[Short text fragments from websites]
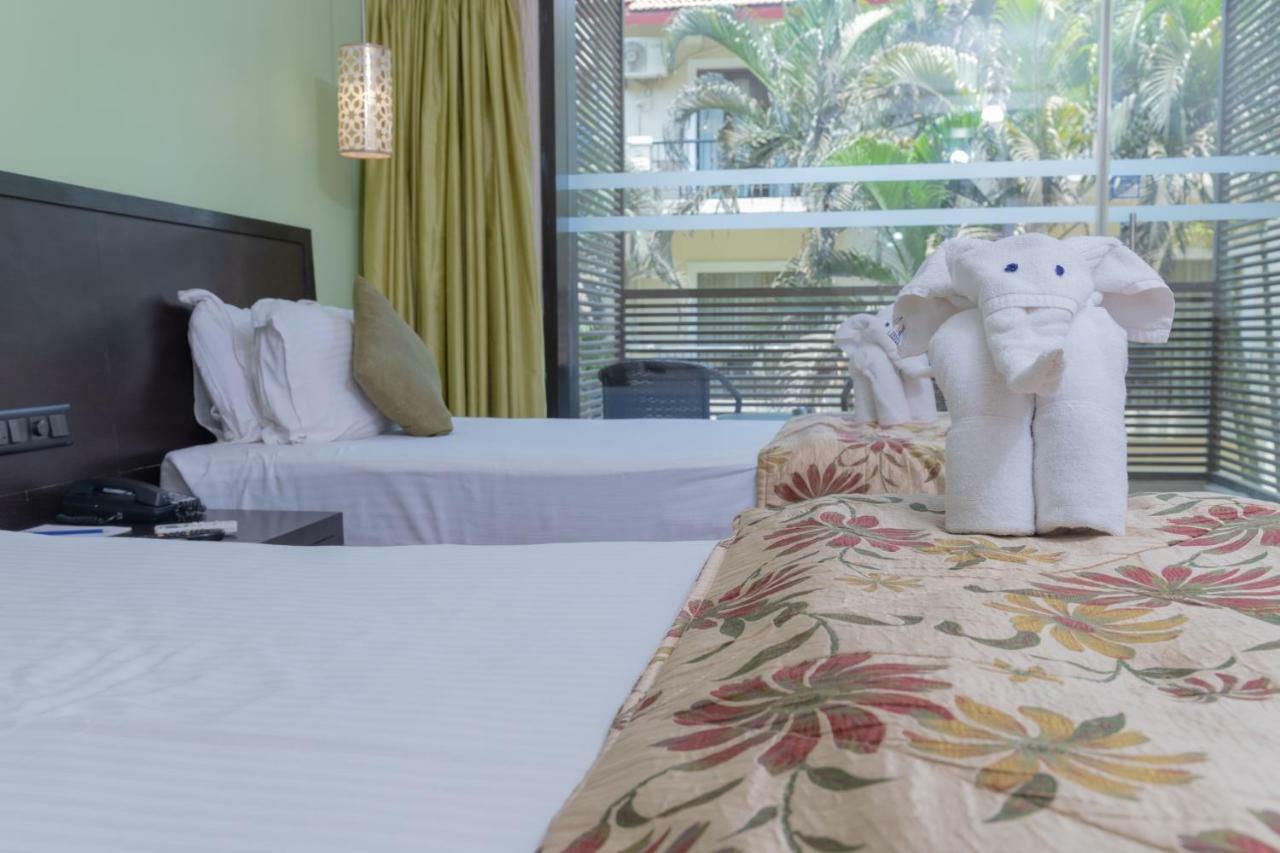 Kyriad Prestige Calangute Goa By Othpl Exterior photo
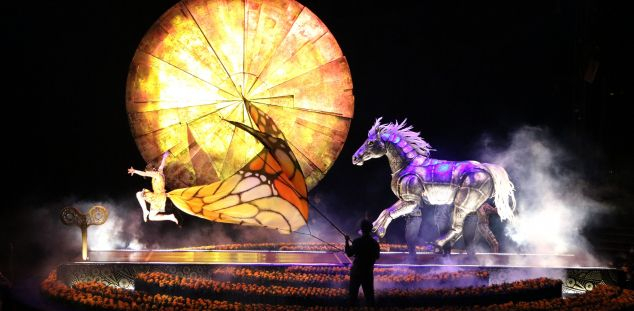 Dues hores d'espectacle garantit Dues hores d'espectacle garantit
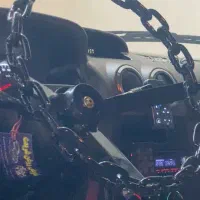 باربند. راکروف .اسکی بند فرمون اسپرت جعبه باکس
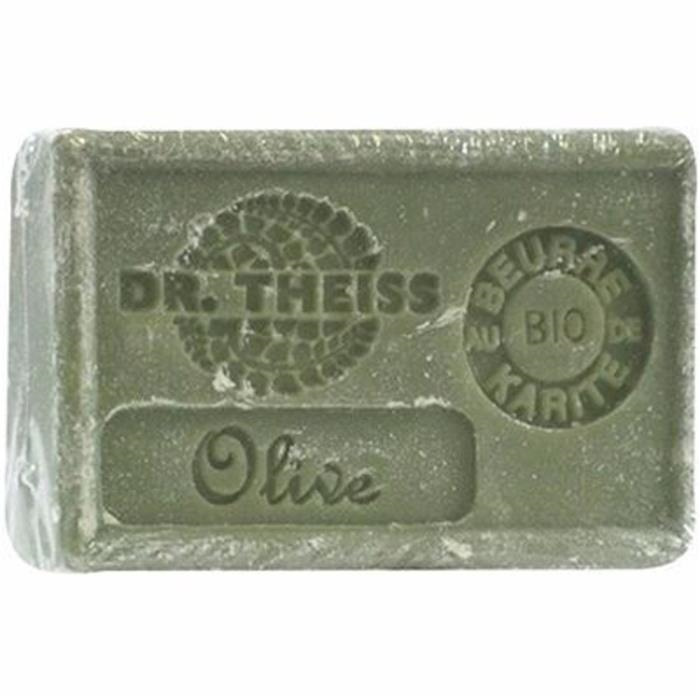 Savon marseille huile d'olive et beurre de karité bio* 125 g Savon marseille huile d'olive et beurre de karité bio* 125 g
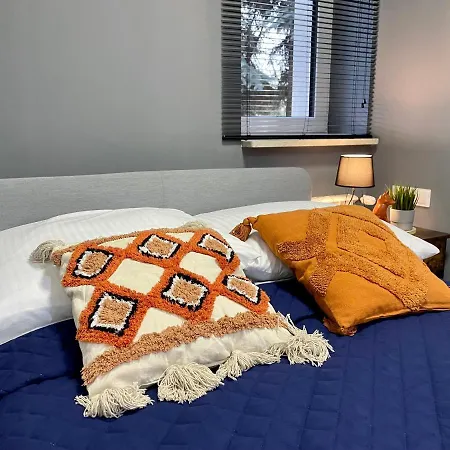 Διαμέρισμα Przestronny W Centrum Miasta Ράντομ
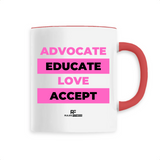 Rulesfitness Advocate Mug - rulesfitness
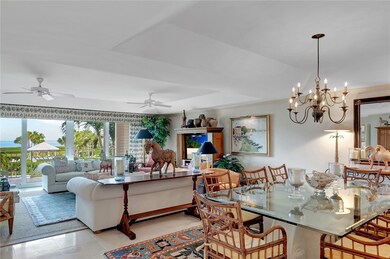 Living Room & Dining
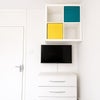 Photo 2: Wall-mounted TV Bedroom 2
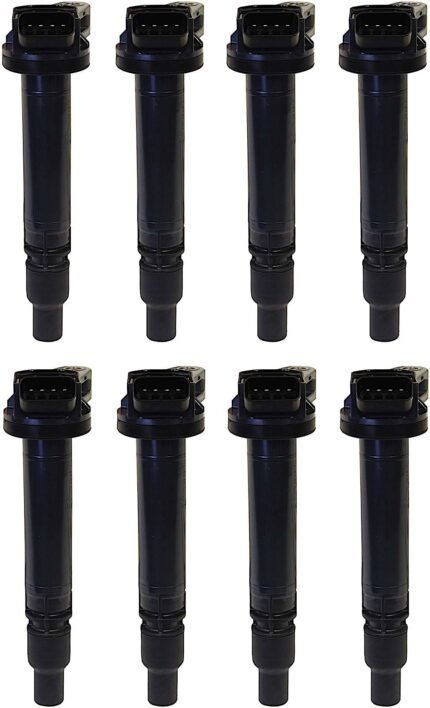 Denso SET-NP6731309-8 Ignition Coil, Set of 8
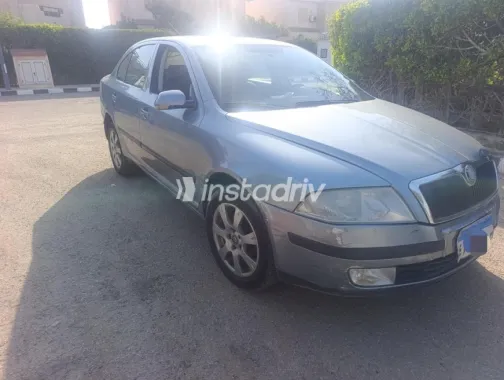 Skoda Octavia A5 2005 Cyan Used for Sale - 3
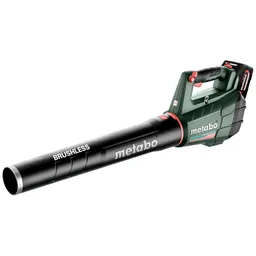 Metabo Metabo Akku-Laubbläser LB 18 LTX BL, Karton, 18V 2x5.2Ah Li-Power + ASC 55 – Produktbild 1 von 1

▸ **WORK TASK**
Give back exactly the lines from the line with "Skoda Octavia A5 2005 Cyan Used for Sale - 3" through the final line of the entries above, and keep pictures out of the copy.

▸ **EXERCISE RESULT**
 Skoda Octavia A5 2005 Cyan Used for Sale - 3
 Metabo Metabo Akku-Laubbläser LB 18 LTX BL, Karton, 18V 2x5.2Ah Li-Power + ASC 55 – Produktbild 1 von 1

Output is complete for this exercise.